Painful red swelling of the hands and feet in a patient receiving chemotherapy is usually enough to make the diagnosis. The problem can also arise in patients after bone marrow transplants, as the clinical and histologic features of PPE can be similar to cutaneous manifestations of acute (first 3 weeks) graft-versus-host disease. It is important to differentiate PPE, which is benign, from the more dangerous graft-versus-host disease. As time progresses, patients with graft-versus-host disease progress to have other body parts affected, while PPE is limited to hands and feet. Serial biopsies every 3 to 5 days can also be helpful in differentiating the two disorders (Crider et al., 1986).

Prevention and Management[edit]

The cooling of hands and feet during chemotherapy may help prevent PPE (Baack and Burgdorf, 1991; Zimmerman et al., 1995).
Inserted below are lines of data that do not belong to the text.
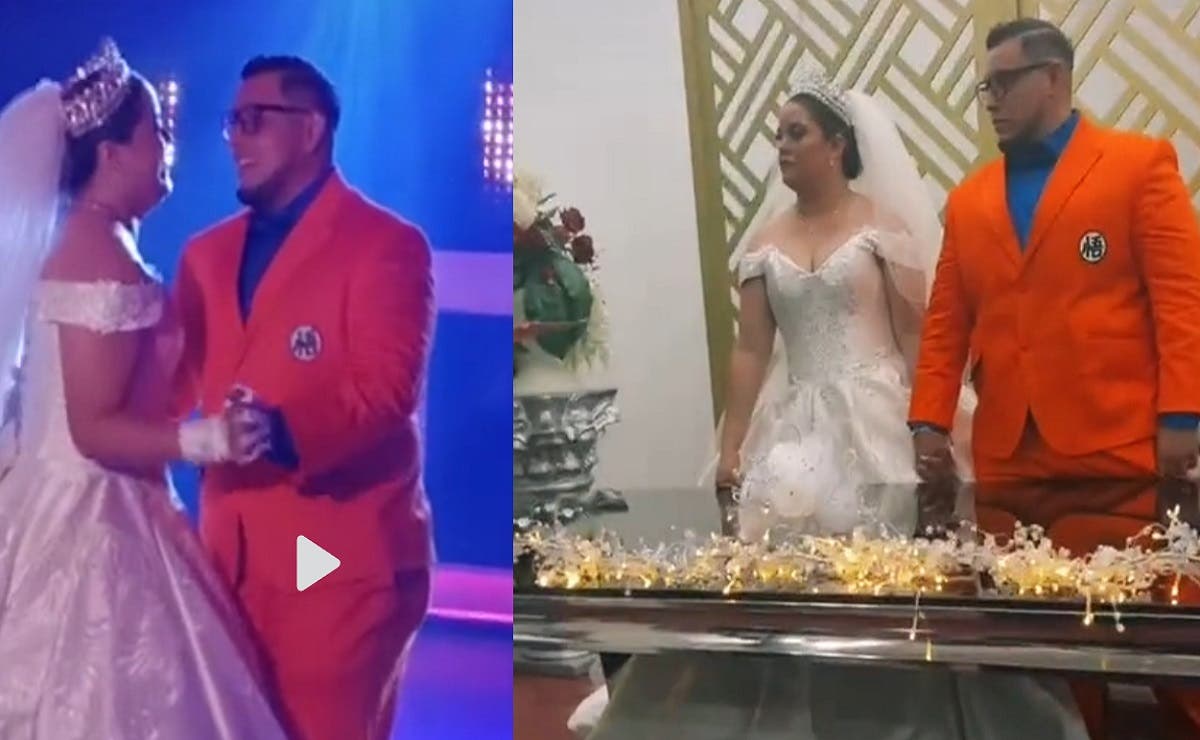 VIDEO Joven se casa con traje de Dragon Ball y baila con su esposa “Mi corazón encantado”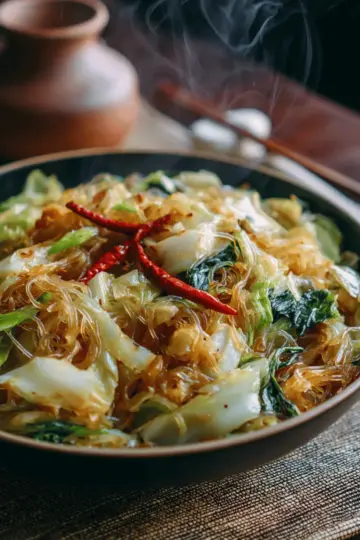 Cabbage and Glass Noodle Stir-Fry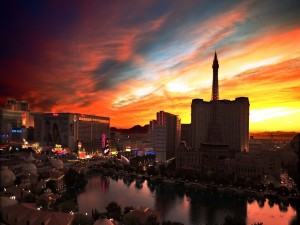 Postal: Cielo al atardecer en Las Vegas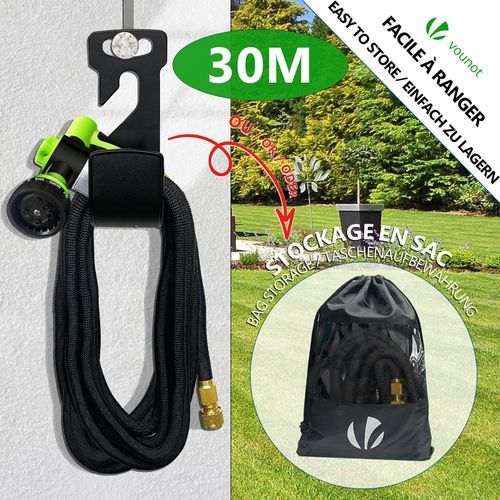 Tuyau D’arrosage Extensible 30m Avec Récipient Savon Et Accessoires Noir
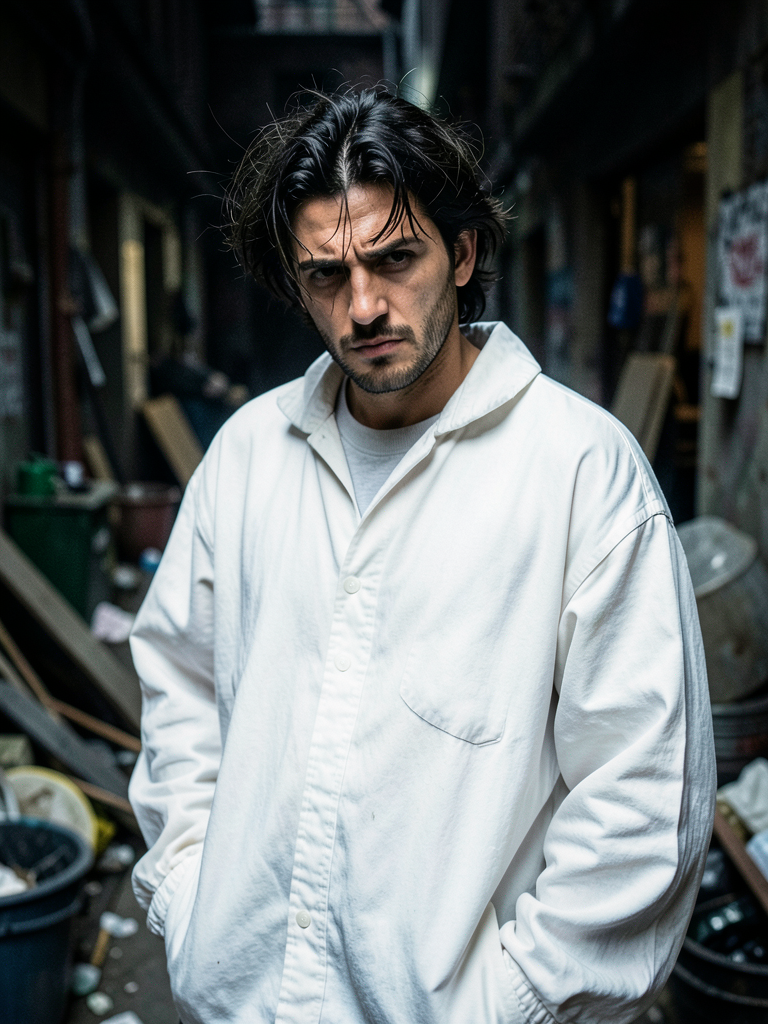 A high-detail photograph of a defiant man posing nonchalantly. he has a messy ae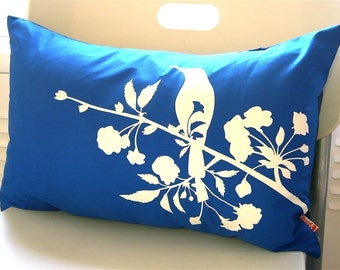 Cobalt Blue Blooming Blossom Rectangle Pillow
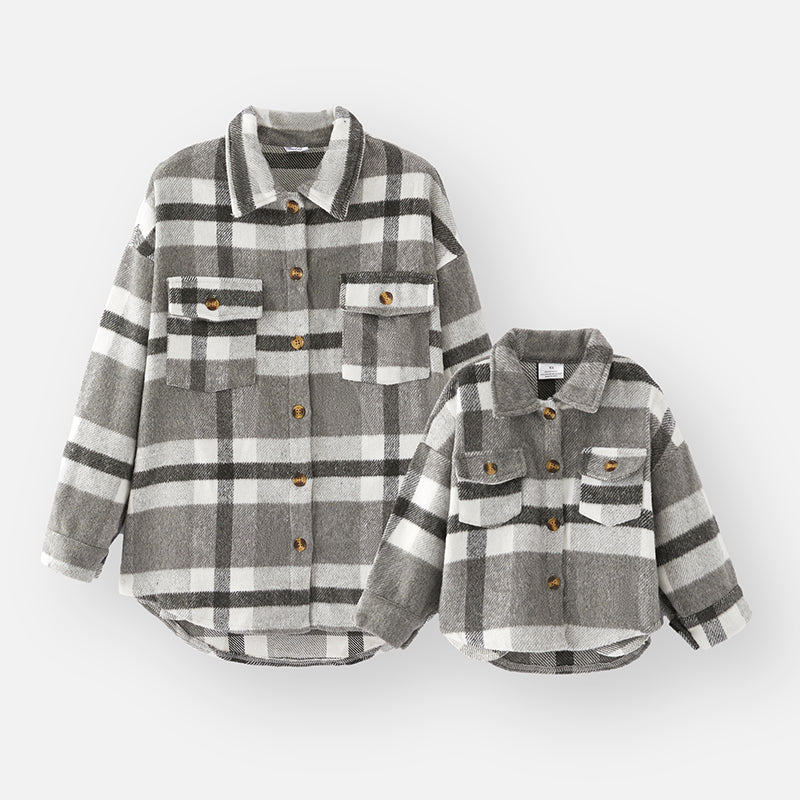 (In Stock L18-2-2 L18-1-2)Mommy and Me Fall Grey Plaid Shirt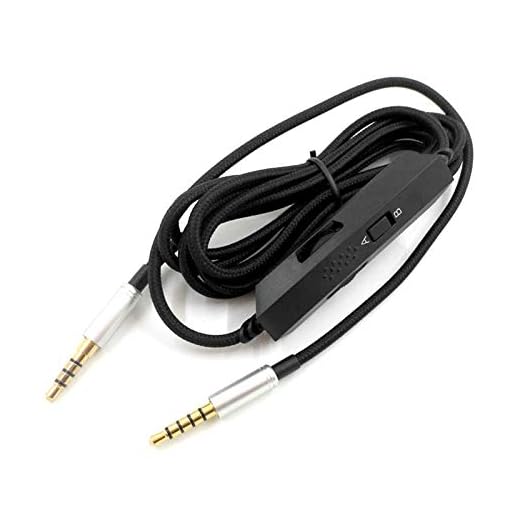 1 peça de cabo de áudio para controle de fio trançado estéreo de 3,5 mm com microfone integrado, para Logitech Astro A10 A40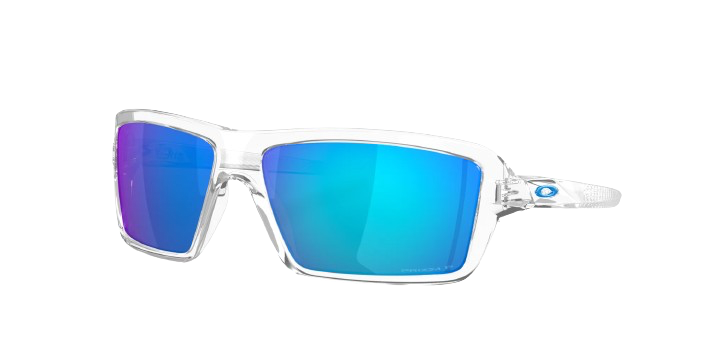 Oakley Cables OO9129-05 Polished Clear Frame | Prizm Sapphire Polarized Lens
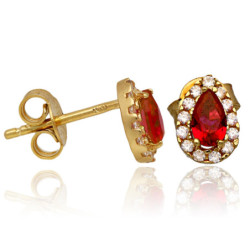 ZŁOTE kolczyki sztyft z cyrkoniami ZŁOTO 585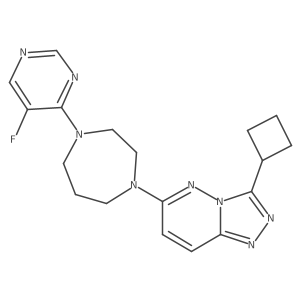 1-{3-Cyclobutyl-[1,2,4]triazolo[4,3-b]pyridazin-6-yl}-4-(5-fluoropyrimidin-4-yl)-1,4-diazepane结构式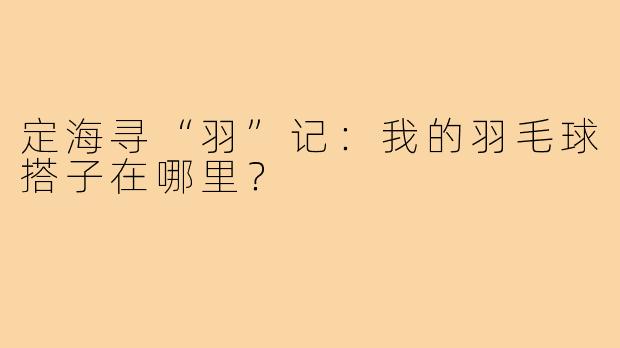 定海寻“羽”记：我的羽毛球搭子在哪里？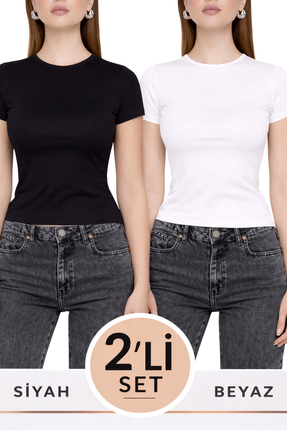 MODASPARK Siyah Beyaz İkili Bisiklet Yaka Basic Ultra Soft Kadın Kısa Kol Body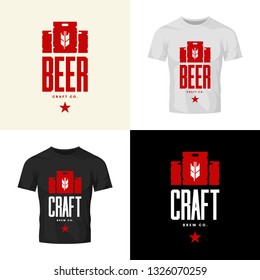 Modern craft beer drink vector logo sign for bar, pub, store, brewhouse or brewery isolated on t-shirt mock up. Premium quality keg logotype illustration set. Brewing fest fashion badge design bundle.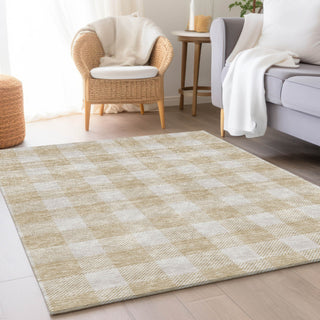 Piper Looms Mayfield Plaid AMF923 Beige Machine Washable Area Rug Lifestyle Image Feature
Support for this and a variety of other approaches to treat or prevent acral erythema comes from small clinical studies, although none has been proven in a randomised controlled clinical trial of sufficient size.

Treatment[edit]

The main treatment for acral erythema is discontinuation of the offending drug, and symptomatic treatment to provide analgesia, lessen edema, and prevent superinfection. However, the treatment for the underlying cancer of the patient must not be neglected. Often, the discontinued drug can be substituted with another cancer drug or cancer treatment.[6][7]

Symptomatic treatment can include wound care, elevation, and pain medication. Corticosteroids and pyridoxine have also been used to relieve symptoms.[8]

Prognosis[edit]

PPE invariably recurs with resumption of chemotherapy. Long-term chemotherapy may also result in reversible palmoplantar keratoderma. Symptoms resolve 1–2 weeks after cessation of chemotherapy (Apisarnthanarax and Duvic 2003).

In Popular Culture[edit]

In season three, episode 8, titled "Sins of the Father," in the American television medical drama Private Practice, hand-foot syndrome is depicted, possibly inaccurately, in a patient. This episode first aired on November 19, 2009.

References[edit]

  1. ^ James, William; Berger, Timothy; Elston, Dirk (2005). Andrews' Diseases of the Skin: Clinical Dermatology. (10th ed.). Saunders. ISBN 0-7216-2921-0.:132
  2. ^ Palmar-plantar rash with cytarabine therapy. Rosenbeck L, Kiel PJ. N Engl J Med. 2011 Jan 20;364(3):e5.
  3. ^ Erythematous eruption of the palms and soles associated with mitotane therapy. Zuehlke RL. Dermatologica. 1974;148(2):90-2.
  4. ^ Chemotherapy-induced acral erythema. Baack BR, Burgdorf WH. J Am Acad Dermatol. 1991 Mar;24(3):457-61.
  5. ^ Hand foot skin reaction in cancer patients treated with the multikinase inhibitors sorafenib and sunitinib. Lacouture ME, Reilly LM, Gerami P, Guitart J. Ann Oncol. 2008;19(11):1955-61.
  6. ^ Cutaneous complications of conventional chemotherapy agents. Payne AS, Savarese DMF. In: UpToDate [Textbook of Medicine]. Massachusetts Medical Society, and Wolters Kluwer publishers. 2010.
  7. ^ Management of hand-foot syndrome induced by capecitabine. Gressett SM, Stanford BL, Hardwicke F. J Oncol Pharm Pract. 2006 Sep;12(3):131-41.
  8. ^ Pyridoxine therapy for palmar-plantar erythrodysesthesia associated with taxotere. Vukelja SJ, Baker WJ, Burris HA 3rd, Keeling JH, Von Hoff D. J Natl Cancer Inst. 1993 Sep 1;85(17):1432-3.